Kedua : yaitu sebuah hadits
yang diriwayatkan oleh perawi yang lemah dan bertentangan dengan riwayat perawi
yang tsiqah. Hadits munkar yaitu hadits yang
diriwayatkan oleh perawi dha’if
(lemah) yang berbeda dengan perawi-perawi
(lain) yang tsiqat. Oleh karena itu, kriteria hadits munkar adalah
penyendirian perawi dha’if dan mukhalafah.

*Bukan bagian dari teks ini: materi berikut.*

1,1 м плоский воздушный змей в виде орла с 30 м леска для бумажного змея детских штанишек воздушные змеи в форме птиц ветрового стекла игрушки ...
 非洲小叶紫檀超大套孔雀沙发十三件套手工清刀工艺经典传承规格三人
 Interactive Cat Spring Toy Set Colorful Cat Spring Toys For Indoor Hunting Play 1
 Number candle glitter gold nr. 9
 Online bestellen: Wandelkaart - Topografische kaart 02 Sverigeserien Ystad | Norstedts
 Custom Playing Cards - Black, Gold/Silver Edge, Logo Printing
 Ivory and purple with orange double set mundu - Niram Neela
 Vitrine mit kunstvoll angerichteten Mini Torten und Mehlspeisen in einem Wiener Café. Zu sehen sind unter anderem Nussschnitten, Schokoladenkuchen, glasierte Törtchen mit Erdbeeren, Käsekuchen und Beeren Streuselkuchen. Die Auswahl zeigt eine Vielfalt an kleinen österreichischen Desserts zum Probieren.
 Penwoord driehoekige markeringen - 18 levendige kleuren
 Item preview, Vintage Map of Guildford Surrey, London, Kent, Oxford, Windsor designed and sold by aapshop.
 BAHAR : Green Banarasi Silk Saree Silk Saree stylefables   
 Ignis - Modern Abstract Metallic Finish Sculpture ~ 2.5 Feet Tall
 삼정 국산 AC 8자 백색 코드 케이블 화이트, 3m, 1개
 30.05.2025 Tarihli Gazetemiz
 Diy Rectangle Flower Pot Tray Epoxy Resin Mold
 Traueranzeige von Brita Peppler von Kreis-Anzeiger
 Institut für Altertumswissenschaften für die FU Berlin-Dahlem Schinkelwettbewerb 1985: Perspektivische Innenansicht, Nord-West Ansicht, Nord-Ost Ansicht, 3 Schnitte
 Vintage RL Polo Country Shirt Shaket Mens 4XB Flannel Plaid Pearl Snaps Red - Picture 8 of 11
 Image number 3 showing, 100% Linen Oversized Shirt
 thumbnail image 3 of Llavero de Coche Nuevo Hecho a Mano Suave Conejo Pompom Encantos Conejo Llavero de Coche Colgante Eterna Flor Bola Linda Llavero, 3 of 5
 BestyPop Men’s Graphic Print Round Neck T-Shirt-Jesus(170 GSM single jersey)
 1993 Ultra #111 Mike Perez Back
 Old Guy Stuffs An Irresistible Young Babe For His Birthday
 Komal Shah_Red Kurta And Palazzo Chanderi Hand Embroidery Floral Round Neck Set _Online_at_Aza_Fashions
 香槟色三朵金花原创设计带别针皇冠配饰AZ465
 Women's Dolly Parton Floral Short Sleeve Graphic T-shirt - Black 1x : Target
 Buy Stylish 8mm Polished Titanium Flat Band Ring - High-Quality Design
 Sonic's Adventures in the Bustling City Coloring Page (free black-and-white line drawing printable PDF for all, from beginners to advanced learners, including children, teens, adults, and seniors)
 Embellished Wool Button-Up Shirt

3. Syadz adalah hadits yang diriwayatkan perawi yang maqbul
yang bertentangan hadits yang diriwayatkan perawi yang lebih utama darinya. Munkar adalah hadits yang diriwayatkan
oleh perawi dha’if yang bertentangan dengan hadits yang diriwayatkan
oleh perawi tsiqah.
4.2
Saran
Tahap kedha`ifan
hadis berbeda mengikut
tahap berat dan
ringan kelemahan para perawi
sebagaimana hadis sahih berbeda-beda.
Antaranya dha`if, dha`if jiddan,
wahi, munkar dan yang paling
jelek ialah maudhu`. Dalam makalah
ini hanya membahas tentang hadits Syadz
dan Munkar, oleh sebab itu diharapkan
adala penulisan yang membahas secara rinci tentang hadits dha’if.